--- DATA SUPPLIED ---

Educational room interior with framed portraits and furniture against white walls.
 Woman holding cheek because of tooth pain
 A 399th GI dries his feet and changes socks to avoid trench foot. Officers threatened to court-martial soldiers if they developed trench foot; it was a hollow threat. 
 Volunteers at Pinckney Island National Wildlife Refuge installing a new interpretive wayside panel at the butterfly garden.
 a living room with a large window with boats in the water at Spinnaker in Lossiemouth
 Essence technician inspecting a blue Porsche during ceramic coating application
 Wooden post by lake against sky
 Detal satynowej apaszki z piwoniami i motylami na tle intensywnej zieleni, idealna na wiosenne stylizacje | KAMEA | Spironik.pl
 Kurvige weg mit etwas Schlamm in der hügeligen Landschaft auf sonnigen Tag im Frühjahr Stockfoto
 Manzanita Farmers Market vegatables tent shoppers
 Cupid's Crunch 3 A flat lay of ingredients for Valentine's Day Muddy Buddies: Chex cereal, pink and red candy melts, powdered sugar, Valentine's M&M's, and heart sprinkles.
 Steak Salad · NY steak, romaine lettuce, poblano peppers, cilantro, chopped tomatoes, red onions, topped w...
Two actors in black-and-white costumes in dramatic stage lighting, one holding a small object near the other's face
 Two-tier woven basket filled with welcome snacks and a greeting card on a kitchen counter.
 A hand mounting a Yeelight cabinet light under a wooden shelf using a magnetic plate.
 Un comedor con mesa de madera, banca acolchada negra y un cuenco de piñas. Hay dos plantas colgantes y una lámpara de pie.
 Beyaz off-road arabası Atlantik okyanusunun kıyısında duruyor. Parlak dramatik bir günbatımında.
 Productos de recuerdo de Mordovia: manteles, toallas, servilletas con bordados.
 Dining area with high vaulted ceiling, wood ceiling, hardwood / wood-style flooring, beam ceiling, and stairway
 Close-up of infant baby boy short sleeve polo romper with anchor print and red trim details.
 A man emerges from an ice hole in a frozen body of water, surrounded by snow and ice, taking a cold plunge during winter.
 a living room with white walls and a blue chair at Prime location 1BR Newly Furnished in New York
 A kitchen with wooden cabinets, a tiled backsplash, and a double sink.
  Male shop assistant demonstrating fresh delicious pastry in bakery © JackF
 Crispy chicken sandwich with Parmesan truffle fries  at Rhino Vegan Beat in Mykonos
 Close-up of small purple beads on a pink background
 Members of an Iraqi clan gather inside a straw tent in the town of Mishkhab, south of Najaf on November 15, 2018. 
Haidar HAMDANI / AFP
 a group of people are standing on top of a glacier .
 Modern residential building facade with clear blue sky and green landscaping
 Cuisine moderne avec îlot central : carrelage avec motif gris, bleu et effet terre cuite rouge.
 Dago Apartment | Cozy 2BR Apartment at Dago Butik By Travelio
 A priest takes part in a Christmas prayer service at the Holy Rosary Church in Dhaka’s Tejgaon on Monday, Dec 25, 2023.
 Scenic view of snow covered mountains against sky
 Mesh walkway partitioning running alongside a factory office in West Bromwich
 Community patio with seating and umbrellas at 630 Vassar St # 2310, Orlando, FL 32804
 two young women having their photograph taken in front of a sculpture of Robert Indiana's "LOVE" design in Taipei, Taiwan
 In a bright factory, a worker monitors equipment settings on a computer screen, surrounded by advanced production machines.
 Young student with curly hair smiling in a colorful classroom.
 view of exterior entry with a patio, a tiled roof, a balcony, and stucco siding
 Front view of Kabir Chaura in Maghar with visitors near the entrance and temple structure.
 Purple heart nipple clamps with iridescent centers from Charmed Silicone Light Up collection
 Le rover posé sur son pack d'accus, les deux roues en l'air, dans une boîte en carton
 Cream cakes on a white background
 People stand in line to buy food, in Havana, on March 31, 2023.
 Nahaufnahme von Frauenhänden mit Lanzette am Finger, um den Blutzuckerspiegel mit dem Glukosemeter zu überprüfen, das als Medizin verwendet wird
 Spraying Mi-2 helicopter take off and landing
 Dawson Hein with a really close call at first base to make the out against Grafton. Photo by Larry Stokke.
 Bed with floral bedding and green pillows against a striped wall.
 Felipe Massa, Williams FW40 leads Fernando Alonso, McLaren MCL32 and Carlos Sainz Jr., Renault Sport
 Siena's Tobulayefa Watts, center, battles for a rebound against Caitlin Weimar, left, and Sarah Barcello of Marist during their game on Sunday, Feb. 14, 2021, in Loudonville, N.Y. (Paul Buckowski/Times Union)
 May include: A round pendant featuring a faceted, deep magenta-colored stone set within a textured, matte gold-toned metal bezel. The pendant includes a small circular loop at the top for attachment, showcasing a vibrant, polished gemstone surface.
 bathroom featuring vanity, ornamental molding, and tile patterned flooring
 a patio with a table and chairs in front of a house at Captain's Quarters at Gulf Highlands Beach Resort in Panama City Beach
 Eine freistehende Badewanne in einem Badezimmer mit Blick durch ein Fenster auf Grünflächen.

---

From the records above, repeat exactly the lines from the one with "People stand in" through the one with "Spraying Mi-2 helicopter", both included.

EXERCISE ANSWER:
 People stand in line to buy food, in Havana, on March 31, 2023.
 Nahaufnahme von Frauenhänden mit Lanzette am Finger, um den Blutzuckerspiegel mit dem Glukosemeter zu überprüfen, das als Medizin verwendet wird
 Spraying Mi-2 helicopter take off and landing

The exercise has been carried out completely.